Purpose: The aim of this in-vitro study was to investigate the antimicrobial efficacy of identical experimental toothpastes with different stannous sources.
Materials and Methods:Streptococcus mutans biofilms were grown on protein-coated glass disks in static conditions for 24 h and thereafter exposed to toothpaste slurries or physiological saline (negative control; n = 15) for 30 s. Four experimental toothpastes were applied in this study, containing either stannous chloride (SnCl2; B: 3500 ppm Sn2+, and D: 3600 ppm Sn2+) or stannous fluoride (SnF2; C: 3500 ppm Sn2+, and E: 3600 ppm Sn2+). Marketed toothpaste meridol® (A: 3300 ppm SnF2) served as control. All five toothpastes contained amine fluoride (AmF). The biofilms were placed on agar surface and their metabolic activity was assessed by isothermal microcalorimetry over 96 h. The heat flow data was analysed for growth rate and lag time using grofit package in software R. Additionally, reduction of active biofilm compared to untreated control was calculated.
Results: All toothpastes significantly prolong the lag time of treated biofilms in comparison to negative control (p < 0.05).

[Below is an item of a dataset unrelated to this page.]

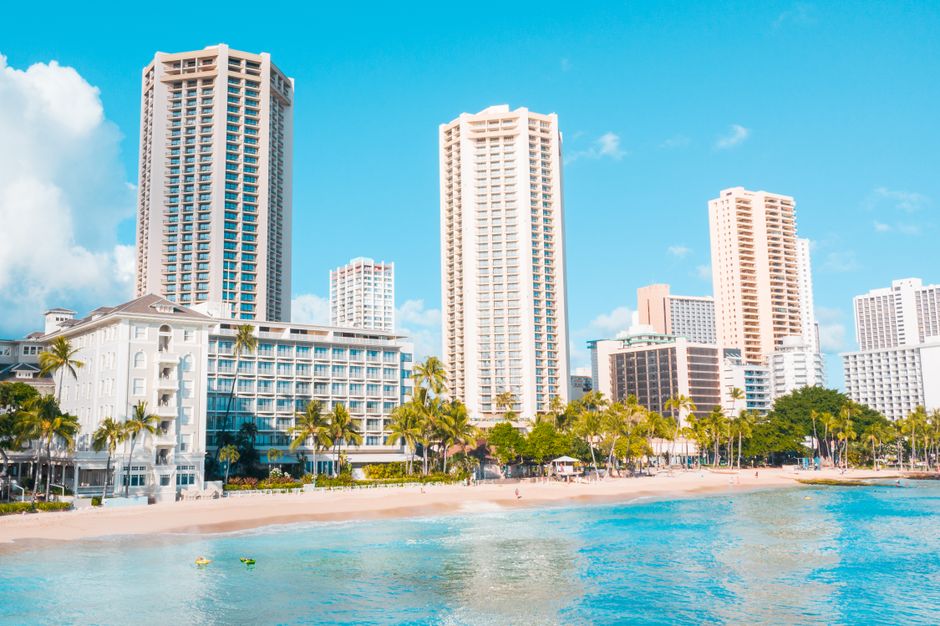 Idyllic beachfront with towering modern buildings and palm trees, perfect vacation setting.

Toothpastes containing SnF2 (C and E) prolonged the lag time statistically significantly compared to toothpastes containing SnCl2 (B and D) (p < 0.05). The maximum growth rate was statistically significantly reduced by all tested toothpastes compared to the untreated control group (p < 0.05). Toothpastes containing SnF2 (A, C and E) reached 59.9 ± 7.8, 61.9 ± 7.7, and 55.6 ± 7.0% reduction of active biofilm, respectively. Thus, they exhibit statistically significantly better results than toothpastes B (52.9 ± 9.9%) and D (44.7 ± 7.6%). Toothpaste D, which contains a slightly higher concentration of Sn2+, was the least effective in reducing active biofilm.
Conclusion: The toothpastes containing SnF2 combined with AmF had the highest antimicrobial efficacy in this study.